BRIEF: Which lines run from the line with "rooms-two-bedroom-apartment-75-m2" through the line with "231015 - Scarlets" in the entries below? Print them exactly, both ends included, and nothing more.

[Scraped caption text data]
*** Begin section ***

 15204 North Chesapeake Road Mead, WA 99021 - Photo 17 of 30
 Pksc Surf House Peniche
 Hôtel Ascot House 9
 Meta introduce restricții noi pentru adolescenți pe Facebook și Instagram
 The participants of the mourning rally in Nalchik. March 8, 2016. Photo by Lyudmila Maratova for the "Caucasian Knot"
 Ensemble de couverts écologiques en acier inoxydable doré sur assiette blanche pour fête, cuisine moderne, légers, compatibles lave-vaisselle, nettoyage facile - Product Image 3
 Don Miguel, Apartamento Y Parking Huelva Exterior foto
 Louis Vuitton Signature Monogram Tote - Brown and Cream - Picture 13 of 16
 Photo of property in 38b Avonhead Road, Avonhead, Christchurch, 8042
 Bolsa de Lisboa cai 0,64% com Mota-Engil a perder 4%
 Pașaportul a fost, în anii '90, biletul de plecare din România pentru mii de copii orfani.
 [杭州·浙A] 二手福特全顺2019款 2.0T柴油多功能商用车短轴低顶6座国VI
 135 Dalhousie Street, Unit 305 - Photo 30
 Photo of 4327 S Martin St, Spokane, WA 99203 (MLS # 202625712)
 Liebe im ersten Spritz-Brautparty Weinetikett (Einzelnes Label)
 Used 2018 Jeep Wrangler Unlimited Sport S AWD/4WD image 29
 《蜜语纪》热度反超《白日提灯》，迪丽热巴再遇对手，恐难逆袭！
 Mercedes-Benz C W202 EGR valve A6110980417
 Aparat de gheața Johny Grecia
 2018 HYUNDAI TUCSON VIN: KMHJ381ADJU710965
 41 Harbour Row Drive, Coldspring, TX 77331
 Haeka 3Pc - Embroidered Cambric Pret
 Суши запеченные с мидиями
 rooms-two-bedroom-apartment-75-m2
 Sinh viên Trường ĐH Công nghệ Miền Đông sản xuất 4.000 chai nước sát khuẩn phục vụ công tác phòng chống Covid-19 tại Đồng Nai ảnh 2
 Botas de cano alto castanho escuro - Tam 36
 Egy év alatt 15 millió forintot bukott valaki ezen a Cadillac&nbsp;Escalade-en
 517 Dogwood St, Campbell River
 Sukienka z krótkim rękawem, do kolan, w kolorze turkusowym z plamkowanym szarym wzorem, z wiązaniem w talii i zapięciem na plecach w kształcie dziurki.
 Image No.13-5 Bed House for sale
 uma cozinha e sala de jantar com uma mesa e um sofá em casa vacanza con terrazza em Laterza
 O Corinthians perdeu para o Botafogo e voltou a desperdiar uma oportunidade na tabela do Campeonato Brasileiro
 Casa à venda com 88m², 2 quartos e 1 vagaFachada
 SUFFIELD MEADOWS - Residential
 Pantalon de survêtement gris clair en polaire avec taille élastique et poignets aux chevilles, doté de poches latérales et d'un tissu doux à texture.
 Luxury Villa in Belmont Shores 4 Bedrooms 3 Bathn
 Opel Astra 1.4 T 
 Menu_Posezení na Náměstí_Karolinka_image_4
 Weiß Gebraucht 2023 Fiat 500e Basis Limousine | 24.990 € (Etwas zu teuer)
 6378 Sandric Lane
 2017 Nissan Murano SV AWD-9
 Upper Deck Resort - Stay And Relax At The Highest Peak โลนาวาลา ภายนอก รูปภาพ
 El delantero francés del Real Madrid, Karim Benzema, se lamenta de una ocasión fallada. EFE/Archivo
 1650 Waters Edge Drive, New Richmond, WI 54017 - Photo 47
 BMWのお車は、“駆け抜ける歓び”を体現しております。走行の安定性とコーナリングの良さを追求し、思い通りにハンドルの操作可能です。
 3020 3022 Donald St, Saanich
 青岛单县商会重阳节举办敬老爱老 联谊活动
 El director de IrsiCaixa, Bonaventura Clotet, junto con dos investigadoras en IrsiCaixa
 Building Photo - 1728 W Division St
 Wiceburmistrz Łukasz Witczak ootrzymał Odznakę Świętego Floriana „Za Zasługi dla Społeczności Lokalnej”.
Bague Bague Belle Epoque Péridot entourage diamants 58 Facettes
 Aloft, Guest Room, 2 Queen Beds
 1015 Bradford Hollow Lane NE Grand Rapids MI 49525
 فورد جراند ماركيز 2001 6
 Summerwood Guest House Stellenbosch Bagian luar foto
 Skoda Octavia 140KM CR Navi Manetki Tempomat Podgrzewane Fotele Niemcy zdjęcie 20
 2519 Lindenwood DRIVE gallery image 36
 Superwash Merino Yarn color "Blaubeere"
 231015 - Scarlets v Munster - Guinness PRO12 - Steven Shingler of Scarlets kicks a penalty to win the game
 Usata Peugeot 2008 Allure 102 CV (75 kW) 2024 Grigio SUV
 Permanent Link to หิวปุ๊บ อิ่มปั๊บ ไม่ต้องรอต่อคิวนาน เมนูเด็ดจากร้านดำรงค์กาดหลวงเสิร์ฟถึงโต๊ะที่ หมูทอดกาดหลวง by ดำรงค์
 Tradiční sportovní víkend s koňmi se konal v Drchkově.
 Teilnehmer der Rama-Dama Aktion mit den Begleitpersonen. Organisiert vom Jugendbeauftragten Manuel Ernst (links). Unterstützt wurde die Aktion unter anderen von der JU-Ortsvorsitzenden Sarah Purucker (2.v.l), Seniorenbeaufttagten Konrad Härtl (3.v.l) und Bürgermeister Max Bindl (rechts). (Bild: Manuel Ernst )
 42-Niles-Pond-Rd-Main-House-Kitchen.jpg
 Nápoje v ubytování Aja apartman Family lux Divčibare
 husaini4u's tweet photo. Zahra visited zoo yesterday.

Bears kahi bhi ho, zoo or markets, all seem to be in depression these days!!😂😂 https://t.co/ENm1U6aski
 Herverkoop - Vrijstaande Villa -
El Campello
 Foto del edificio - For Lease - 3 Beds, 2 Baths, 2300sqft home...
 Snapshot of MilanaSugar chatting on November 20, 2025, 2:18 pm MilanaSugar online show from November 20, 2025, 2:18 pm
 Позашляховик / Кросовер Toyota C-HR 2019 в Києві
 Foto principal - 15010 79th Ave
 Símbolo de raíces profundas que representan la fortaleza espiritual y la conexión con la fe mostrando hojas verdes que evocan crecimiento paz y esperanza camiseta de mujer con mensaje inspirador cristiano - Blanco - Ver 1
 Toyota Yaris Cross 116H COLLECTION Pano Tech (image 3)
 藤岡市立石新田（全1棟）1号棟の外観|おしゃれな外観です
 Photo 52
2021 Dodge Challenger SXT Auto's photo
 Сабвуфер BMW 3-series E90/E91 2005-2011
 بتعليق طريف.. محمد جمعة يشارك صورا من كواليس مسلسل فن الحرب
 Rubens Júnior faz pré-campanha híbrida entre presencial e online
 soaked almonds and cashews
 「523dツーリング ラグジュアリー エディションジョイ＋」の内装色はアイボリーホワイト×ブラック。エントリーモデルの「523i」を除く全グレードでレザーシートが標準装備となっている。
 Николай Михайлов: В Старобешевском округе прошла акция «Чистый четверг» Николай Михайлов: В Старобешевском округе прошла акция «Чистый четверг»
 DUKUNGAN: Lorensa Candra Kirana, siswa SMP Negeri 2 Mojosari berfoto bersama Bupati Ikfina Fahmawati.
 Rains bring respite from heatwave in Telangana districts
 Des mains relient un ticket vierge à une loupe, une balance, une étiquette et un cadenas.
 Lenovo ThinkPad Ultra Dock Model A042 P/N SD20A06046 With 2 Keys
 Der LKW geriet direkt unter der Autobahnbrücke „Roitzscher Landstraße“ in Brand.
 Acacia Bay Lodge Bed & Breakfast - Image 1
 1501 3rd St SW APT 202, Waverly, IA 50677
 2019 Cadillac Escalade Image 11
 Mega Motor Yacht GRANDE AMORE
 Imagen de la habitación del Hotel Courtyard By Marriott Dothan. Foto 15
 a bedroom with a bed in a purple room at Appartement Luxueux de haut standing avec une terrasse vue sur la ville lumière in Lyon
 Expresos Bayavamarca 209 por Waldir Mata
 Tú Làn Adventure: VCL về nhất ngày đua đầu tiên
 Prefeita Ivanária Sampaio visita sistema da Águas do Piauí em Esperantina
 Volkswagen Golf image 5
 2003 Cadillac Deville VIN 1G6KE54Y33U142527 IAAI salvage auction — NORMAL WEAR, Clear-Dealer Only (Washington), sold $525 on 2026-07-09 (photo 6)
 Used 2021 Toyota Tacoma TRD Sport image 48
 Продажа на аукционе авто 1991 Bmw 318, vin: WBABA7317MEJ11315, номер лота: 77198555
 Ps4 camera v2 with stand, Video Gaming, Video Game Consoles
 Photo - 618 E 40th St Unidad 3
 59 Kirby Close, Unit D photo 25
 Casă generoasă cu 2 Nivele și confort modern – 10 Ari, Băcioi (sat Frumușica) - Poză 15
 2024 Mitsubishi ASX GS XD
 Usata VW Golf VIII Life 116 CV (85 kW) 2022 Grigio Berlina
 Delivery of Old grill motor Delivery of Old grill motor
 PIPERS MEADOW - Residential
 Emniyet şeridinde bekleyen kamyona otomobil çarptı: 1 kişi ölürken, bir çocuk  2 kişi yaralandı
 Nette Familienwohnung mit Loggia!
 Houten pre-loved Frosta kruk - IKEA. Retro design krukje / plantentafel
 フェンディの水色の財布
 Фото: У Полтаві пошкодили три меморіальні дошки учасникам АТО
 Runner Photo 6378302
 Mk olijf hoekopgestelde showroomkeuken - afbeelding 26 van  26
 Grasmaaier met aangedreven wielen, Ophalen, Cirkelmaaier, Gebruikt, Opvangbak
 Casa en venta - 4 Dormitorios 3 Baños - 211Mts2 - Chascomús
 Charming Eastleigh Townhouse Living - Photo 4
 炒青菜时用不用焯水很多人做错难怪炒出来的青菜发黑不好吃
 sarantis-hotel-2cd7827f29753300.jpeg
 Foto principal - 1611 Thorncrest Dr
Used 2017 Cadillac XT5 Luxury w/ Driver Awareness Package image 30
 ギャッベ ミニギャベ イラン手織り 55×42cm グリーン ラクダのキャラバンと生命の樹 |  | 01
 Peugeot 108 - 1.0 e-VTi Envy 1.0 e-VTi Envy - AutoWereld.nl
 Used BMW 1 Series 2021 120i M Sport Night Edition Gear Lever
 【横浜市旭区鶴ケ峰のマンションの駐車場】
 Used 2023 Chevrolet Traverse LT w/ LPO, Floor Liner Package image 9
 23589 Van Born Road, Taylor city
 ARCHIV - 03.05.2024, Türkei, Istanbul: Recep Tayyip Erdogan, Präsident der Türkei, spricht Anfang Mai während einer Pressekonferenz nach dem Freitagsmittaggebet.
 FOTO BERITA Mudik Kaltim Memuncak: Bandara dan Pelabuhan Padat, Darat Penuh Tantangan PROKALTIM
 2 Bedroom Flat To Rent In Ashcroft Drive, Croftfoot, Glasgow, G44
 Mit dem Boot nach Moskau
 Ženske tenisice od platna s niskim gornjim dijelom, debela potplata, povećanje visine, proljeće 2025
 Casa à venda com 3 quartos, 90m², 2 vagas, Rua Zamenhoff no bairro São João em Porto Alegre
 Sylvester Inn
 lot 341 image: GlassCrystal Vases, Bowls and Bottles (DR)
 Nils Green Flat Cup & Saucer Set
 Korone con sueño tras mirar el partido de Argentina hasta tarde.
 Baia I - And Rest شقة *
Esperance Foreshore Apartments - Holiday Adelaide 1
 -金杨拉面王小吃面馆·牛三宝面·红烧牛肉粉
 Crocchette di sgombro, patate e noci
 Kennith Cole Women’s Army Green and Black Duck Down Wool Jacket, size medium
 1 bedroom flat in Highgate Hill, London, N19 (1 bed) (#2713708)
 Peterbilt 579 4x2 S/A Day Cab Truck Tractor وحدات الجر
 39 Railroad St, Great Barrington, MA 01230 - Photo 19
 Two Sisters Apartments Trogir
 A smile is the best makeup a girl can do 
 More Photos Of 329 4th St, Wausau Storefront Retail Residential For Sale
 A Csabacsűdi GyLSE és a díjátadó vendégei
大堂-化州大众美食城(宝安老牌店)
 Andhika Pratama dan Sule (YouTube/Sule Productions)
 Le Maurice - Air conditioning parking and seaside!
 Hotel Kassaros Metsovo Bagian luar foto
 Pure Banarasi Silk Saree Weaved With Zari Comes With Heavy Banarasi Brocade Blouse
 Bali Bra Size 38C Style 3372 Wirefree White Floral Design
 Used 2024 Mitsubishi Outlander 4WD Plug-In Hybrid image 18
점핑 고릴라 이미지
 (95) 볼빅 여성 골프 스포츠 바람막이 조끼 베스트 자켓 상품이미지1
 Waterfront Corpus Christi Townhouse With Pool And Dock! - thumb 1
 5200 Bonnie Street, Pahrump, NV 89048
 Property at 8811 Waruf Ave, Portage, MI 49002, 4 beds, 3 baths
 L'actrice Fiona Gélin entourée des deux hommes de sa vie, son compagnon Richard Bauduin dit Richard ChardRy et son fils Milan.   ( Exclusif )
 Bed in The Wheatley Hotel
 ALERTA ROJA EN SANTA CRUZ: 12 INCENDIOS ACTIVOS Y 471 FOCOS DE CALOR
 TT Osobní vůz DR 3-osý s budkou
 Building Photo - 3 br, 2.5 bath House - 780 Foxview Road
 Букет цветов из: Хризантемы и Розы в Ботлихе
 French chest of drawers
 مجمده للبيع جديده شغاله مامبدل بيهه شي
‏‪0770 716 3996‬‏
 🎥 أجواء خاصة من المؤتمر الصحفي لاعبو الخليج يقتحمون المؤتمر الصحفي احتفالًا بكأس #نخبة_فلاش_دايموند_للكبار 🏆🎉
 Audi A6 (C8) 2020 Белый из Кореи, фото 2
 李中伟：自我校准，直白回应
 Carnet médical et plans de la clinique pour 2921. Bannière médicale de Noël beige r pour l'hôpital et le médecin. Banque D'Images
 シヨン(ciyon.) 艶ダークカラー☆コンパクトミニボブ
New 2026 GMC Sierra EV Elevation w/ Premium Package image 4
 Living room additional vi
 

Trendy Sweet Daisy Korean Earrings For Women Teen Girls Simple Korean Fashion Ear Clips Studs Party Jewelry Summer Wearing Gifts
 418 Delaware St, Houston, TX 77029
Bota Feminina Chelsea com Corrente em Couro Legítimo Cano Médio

*** End section ***

ANSWER BELOW:
 rooms-two-bedroom-apartment-75-m2
 Sinh viên Trường ĐH Công nghệ Miền Đông sản xuất 4.000 chai nước sát khuẩn phục vụ công tác phòng chống Covid-19 tại Đồng Nai ảnh 2
 Botas de cano alto castanho escuro - Tam 36
 Egy év alatt 15 millió forintot bukott valaki ezen a Cadillac&nbsp;Escalade-en
 517 Dogwood St, Campbell River
 Sukienka z krótkim rękawem, do kolan, w kolorze turkusowym z plamkowanym szarym wzorem, z wiązaniem w talii i zapięciem na plecach w kształcie dziurki.
 Image No.13-5 Bed House for sale
 uma cozinha e sala de jantar com uma mesa e um sofá em casa vacanza con terrazza em Laterza
 O Corinthians perdeu para o Botafogo e voltou a desperdiar uma oportunidade na tabela do Campeonato Brasileiro
 Casa à venda com 88m², 2 quartos e 1 vagaFachada
 SUFFIELD MEADOWS - Residential
 Pantalon de survêtement gris clair en polaire avec taille élastique et poignets aux chevilles, doté de poches latérales et d'un tissu doux à texture.
 Luxury Villa in Belmont Shores 4 Bedrooms 3 Bathn
 Opel Astra 1.4 T 
 Menu_Posezení na Náměstí_Karolinka_image_4
 Weiß Gebraucht 2023 Fiat 500e Basis Limousine | 24.990 € (Etwas zu teuer)
 6378 Sandric Lane
 2017 Nissan Murano SV AWD-9
 Upper Deck Resort - Stay And Relax At The Highest Peak โลนาวาลา ภายนอก รูปภาพ
 El delantero francés del Real Madrid, Karim Benzema, se lamenta de una ocasión fallada. EFE/Archivo
 1650 Waters Edge Drive, New Richmond, WI 54017 - Photo 47
 BMWのお車は、“駆け抜ける歓び”を体現しております。走行の安定性とコーナリングの良さを追求し、思い通りにハンドルの操作可能です。
 3020 3022 Donald St, Saanich
 青岛单县商会重阳节举办敬老爱老 联谊活动
 El director de IrsiCaixa, Bonaventura Clotet, junto con dos investigadoras en IrsiCaixa
 Building Photo - 1728 W Division St
 Wiceburmistrz Łukasz Witczak ootrzymał Odznakę Świętego Floriana „Za Zasługi dla Społeczności Lokalnej”.
Bague Bague Belle Epoque Péridot entourage diamants 58 Facettes
 Aloft, Guest Room, 2 Queen Beds
 1015 Bradford Hollow Lane NE Grand Rapids MI 49525
 فورد جراند ماركيز 2001 6
 Summerwood Guest House Stellenbosch Bagian luar foto
 Skoda Octavia 140KM CR Navi Manetki Tempomat Podgrzewane Fotele Niemcy zdjęcie 20
 2519 Lindenwood DRIVE gallery image 36
 Superwash Merino Yarn color "Blaubeere"
 231015 - Scarlets v Munster - Guinness PRO12 - Steven Shingler of Scarlets kicks a penalty to win the game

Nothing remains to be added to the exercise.